Bu çerçevede; 215 bin kişinin 'ByLock' kullandığının belirlendiği, MİT tarafından yapılan çalışmalarda toplam 18 milyon mesaj içeriğinden, 17 milyonunun çözüldüğü, 3,5 milyon e-posta içeriğinden 2,5 milyonunun çözümlendiği, 2010 KPSS soruşturmasında 100 ve üzeri soruya doğru cevap veren 3 bin 227 şüpheliden 700'ünün aktif şekilde 'ByLock' kullandığının tespit edildiği bilgisine yer verildi."
"Listelere nasıl girilip nasıl çıkıldığı bilinmemekte"

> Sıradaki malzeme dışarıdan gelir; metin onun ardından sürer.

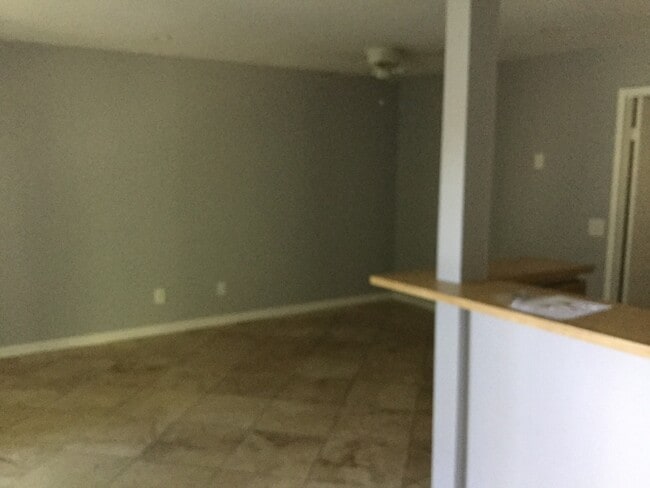 Foto del edificio - 151 W Glaucus St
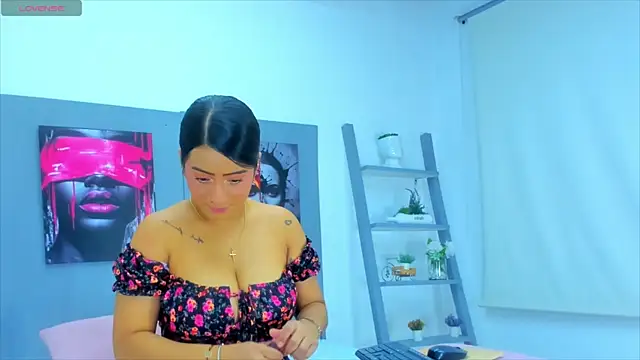 Snapshot of Gema-lexy chatting on October 9, 2025, 12:17 pm Gema-lexy online show from October 9, 2025, 12:17 pm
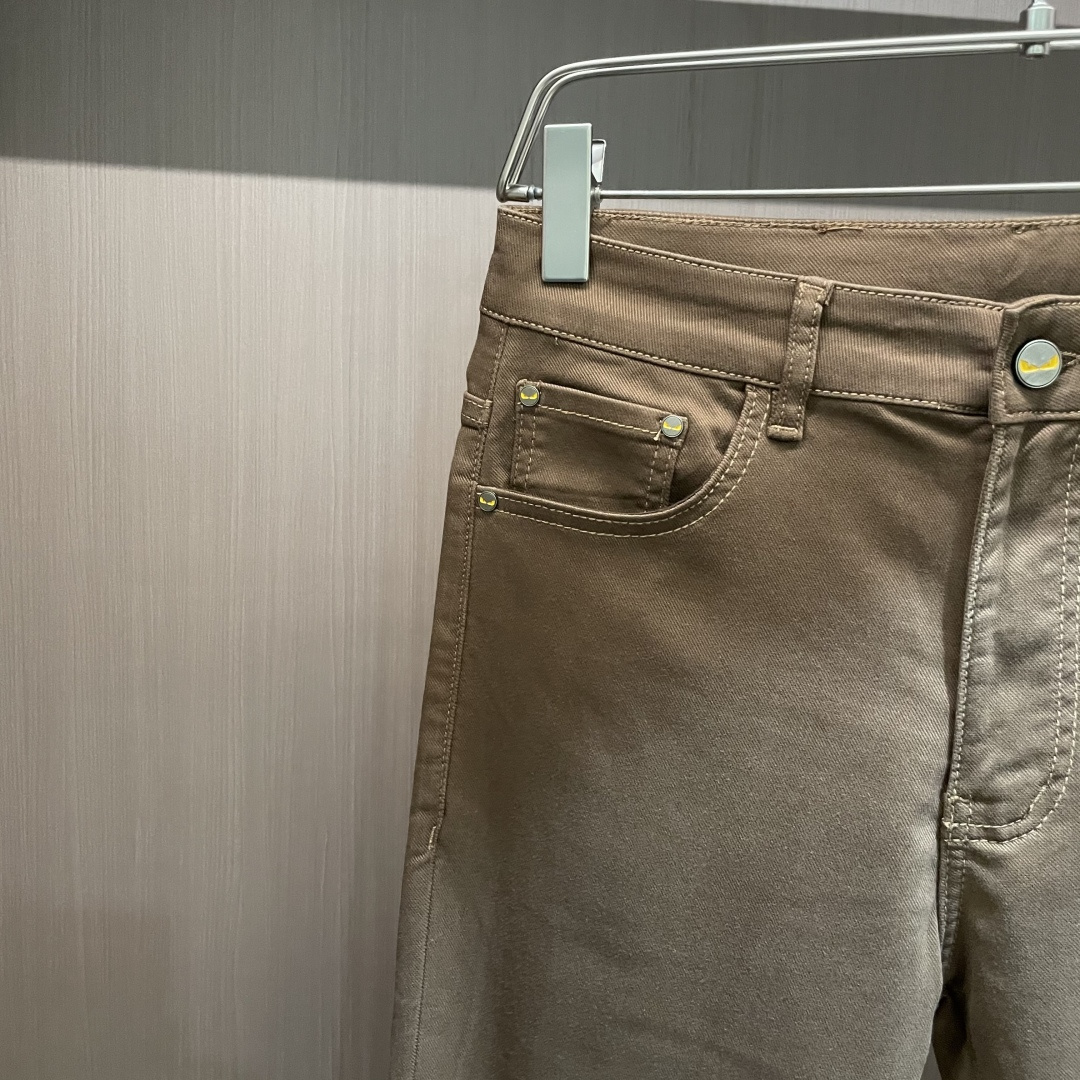 FD 2025新款！高端订制修身商务直筒牛仔裤 原版五金辅料 日常商务休闲都完全适用的款，上身效果超正，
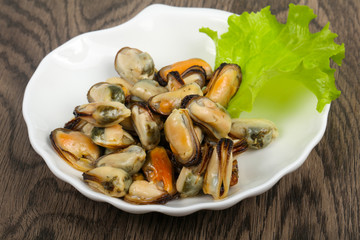 Pickled mussels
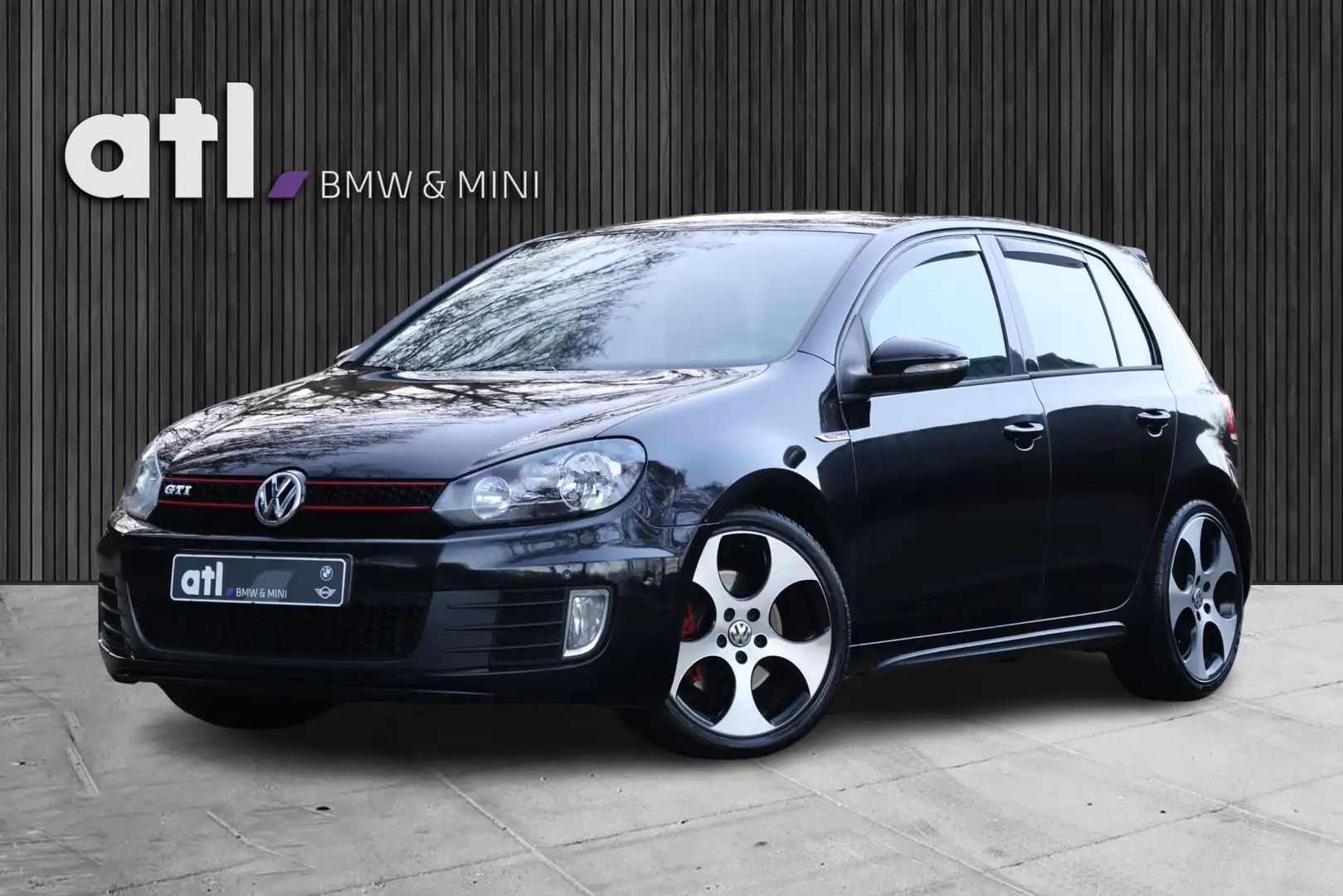 Volkswagen Golf GTI 2.0 2e eigenaar | NAP | Automaat DSG | Clima | ABC Zwart - 1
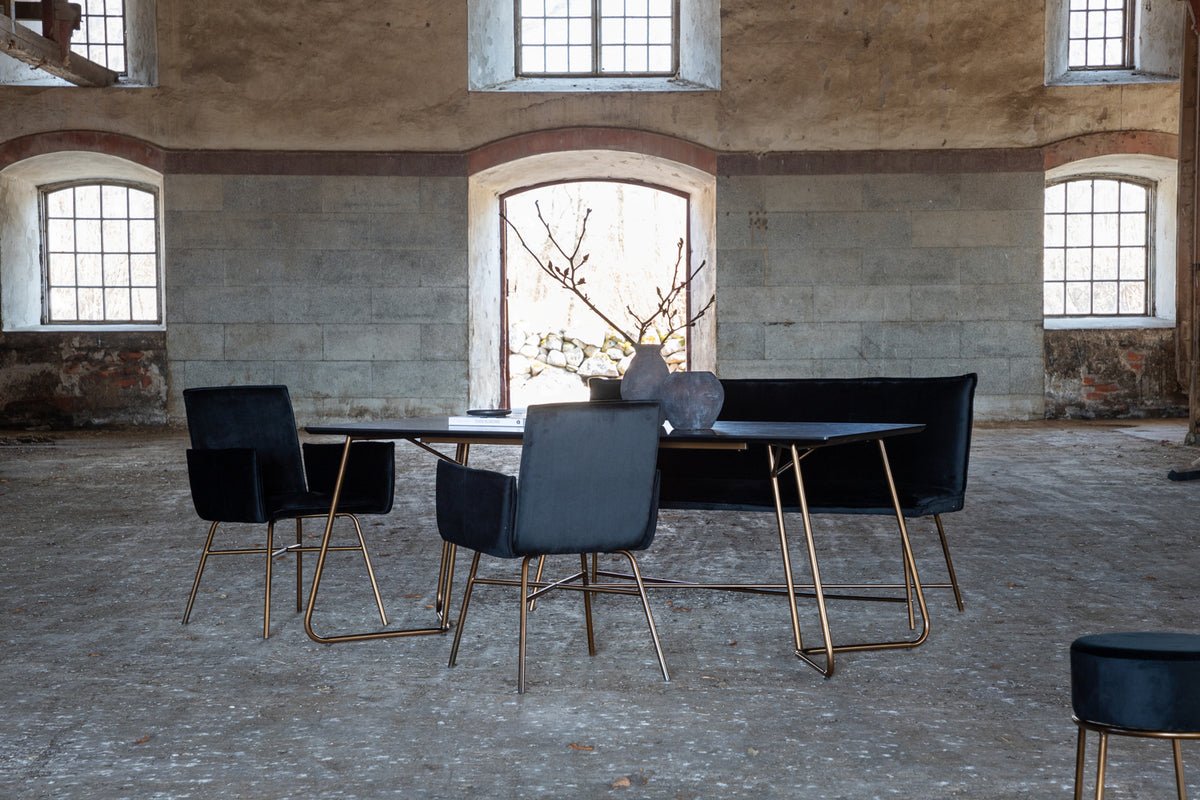 Spisebord Tanoa - et skandinavisk inspireret design med let udadgående ben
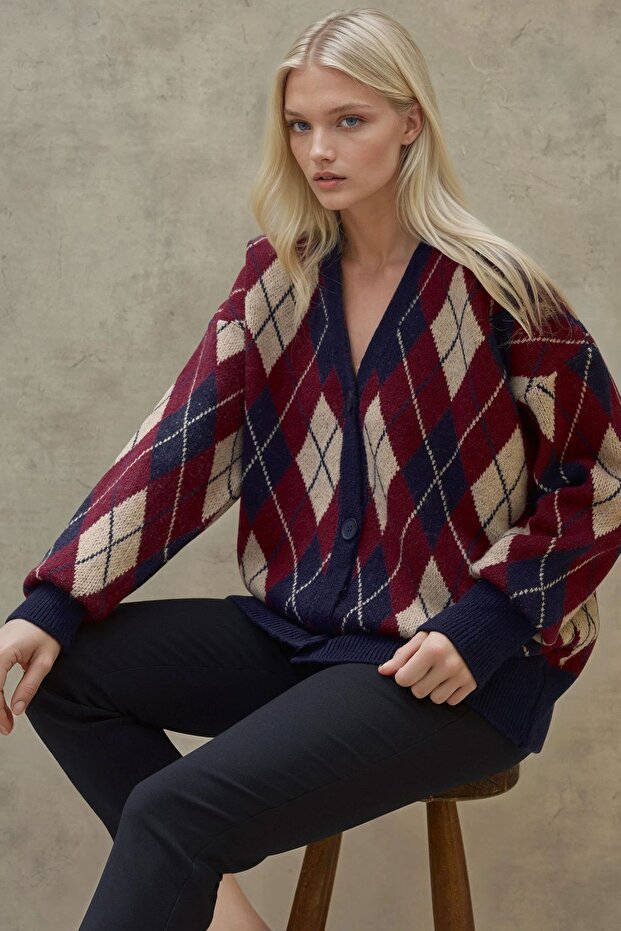 Buttoned Long V-Neck Geometric Knitted Cardigan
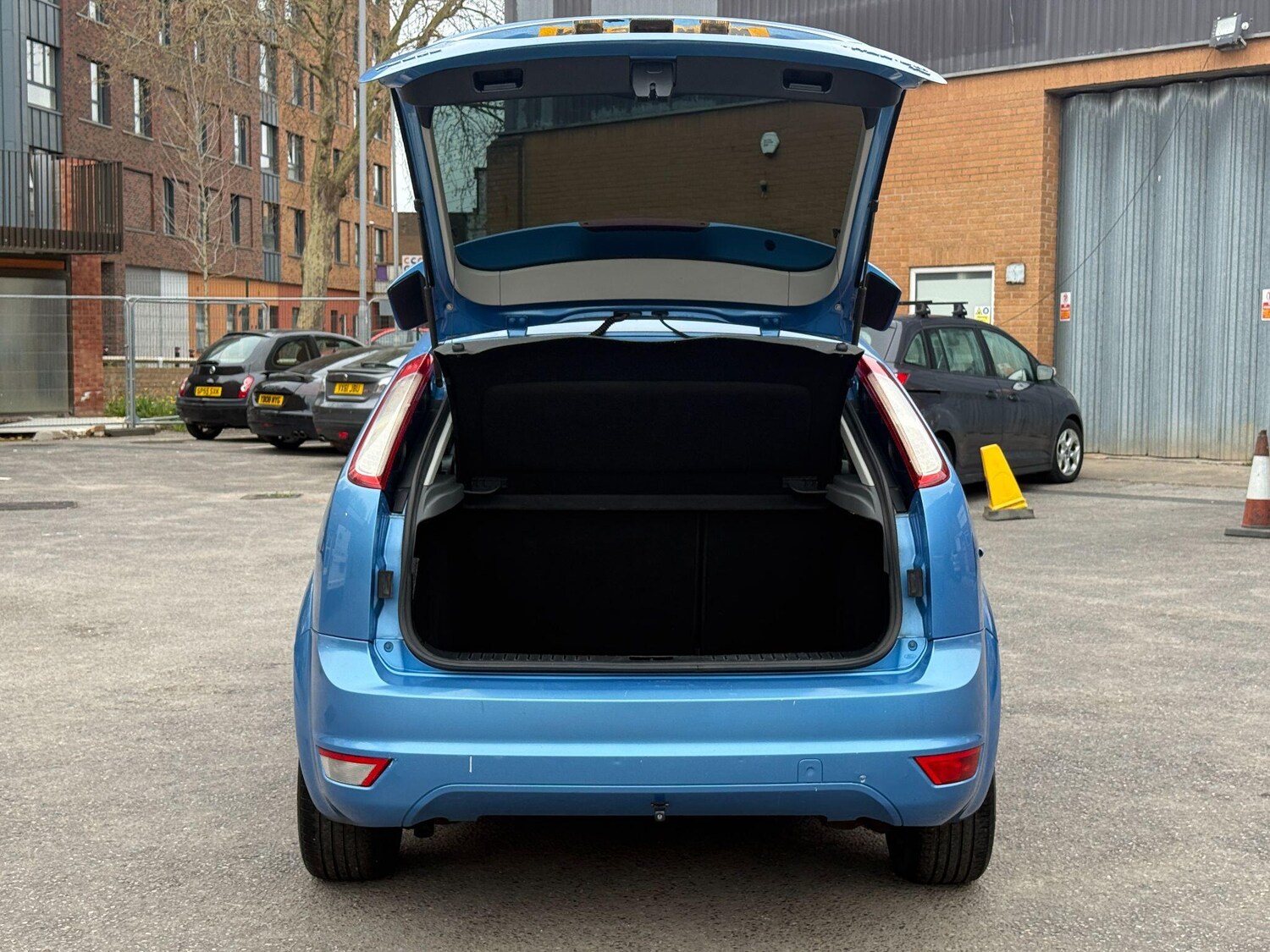 Used Ford Focus 2008 for sale - 78099980: Photo 55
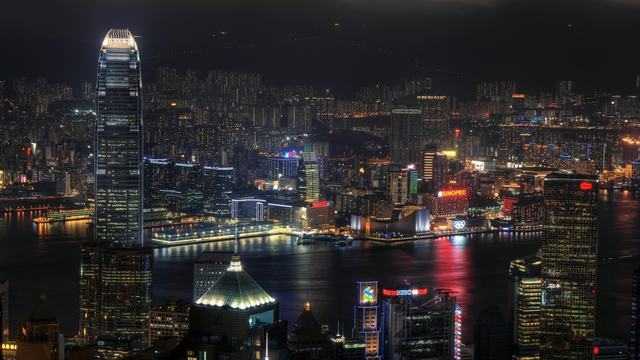 毕业答辩现场视频被剪成恋情物料，学院称将处理未经允许的拍摄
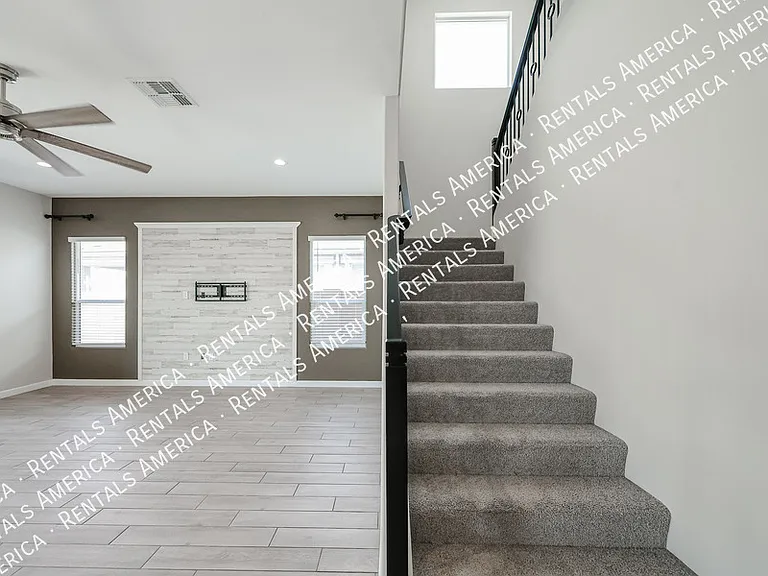 1829 E Saguaro Park Ln — Photo 18
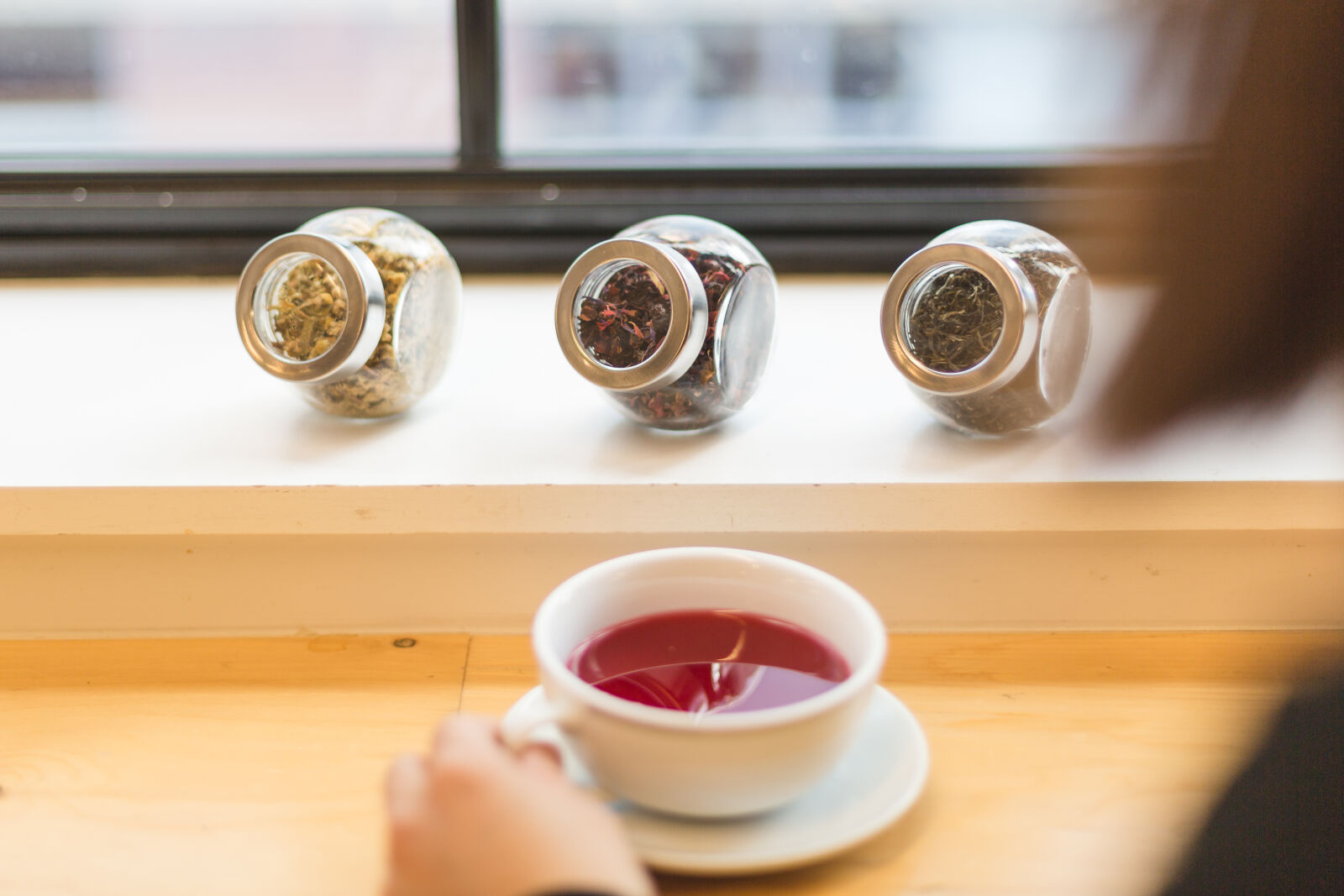 Canon EOS 5D Mark III sample photo. Beverage, blur, bottles, breakfast photography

CHP'li Cihaner, son olarak Ankara Cumhuriyet Başsavcılığının 11 bin 400 kişinin kullanıcı iradesi dışında Fettullahçı yapılanmanın ByLock programına yönlendirildiğini açıklamasında değinerek, ortak Wifi, IPçakışması ve VPN ve yönlendirici progralardan kaynaklanan sorunlara şaret etti ve şöyle dedi:
“Ancak Gelinen noktada; Önce ortak kablosuz ağ (Wifi) kullanımından, IP çakışmasından (CG-NAT kullanımı), VPN ve yönlendirici programlardan (Mor Beyin uygulamaları) kaynaklanan sorunlar ortaya çıktı. Bunun yanında başkalarının adına alınan hatların kullanımı ve listeye “yanlışlıkla girme, sıralamaların kaydırılması”, KYOK kararlarının idari birimlere iletilmemesi gibi gerekçeler bir yandan binlerce mağdur yaratırken, öte yandan önemli bir dijital delili tartışmalı hale getirmiştir. “Listelere nasıl girilip nasıl çıkıldığı” bilinmemektedir. Bu arada “listelere eklenenlerin ya da çıkarılanların” olup olmadığı tartışılmaya başlanmıştır. Son olarak Ankara Cumhuriyet Başsavcılığı, 11 bin 480 cep telefonunun, kullanıcı iradesi dışında FETÖ'nün gizli haberleşme programı ByLock'a yönlendirildiğini açıklamıştır. Tüm bu “yanlışlıklar” bağımsızlığını ve cesaretini kaybetmeyen birkaç hukukçu ve bilirkişi sayesinde giderilmiştir."
"Bu süreçteki soru işaretleri Meclis tarafından giderilmelidir"
Yürütülen soruşturmalarda ByLock programının önemine de değinerek ByLock etrafında ortaya çıkan sorunların araştırılmasının gerekliliğine vurgu yaptı. Cihaner, “Aileleri ile birlikte on binlerce yurttaşımızı ilgilendiren ve Fetullahçı yapılanma ile mücadelede önemi tartışmasız olan ByLock programı etrafındaki sorunların açığa çıkarılması yaşamsal önemdedir.
ByLock programı nedeniyle yaşanan sorunların tespiti ile alınacak önlemlerin belirlenmesi amacıyla, Anayasa’nın 98 ve TBMM İçtüzüğü’ nün 104 ve 105. Maddeleri gereğince Meclis Araştırması açılmasını arz ve talep ederim” dedi.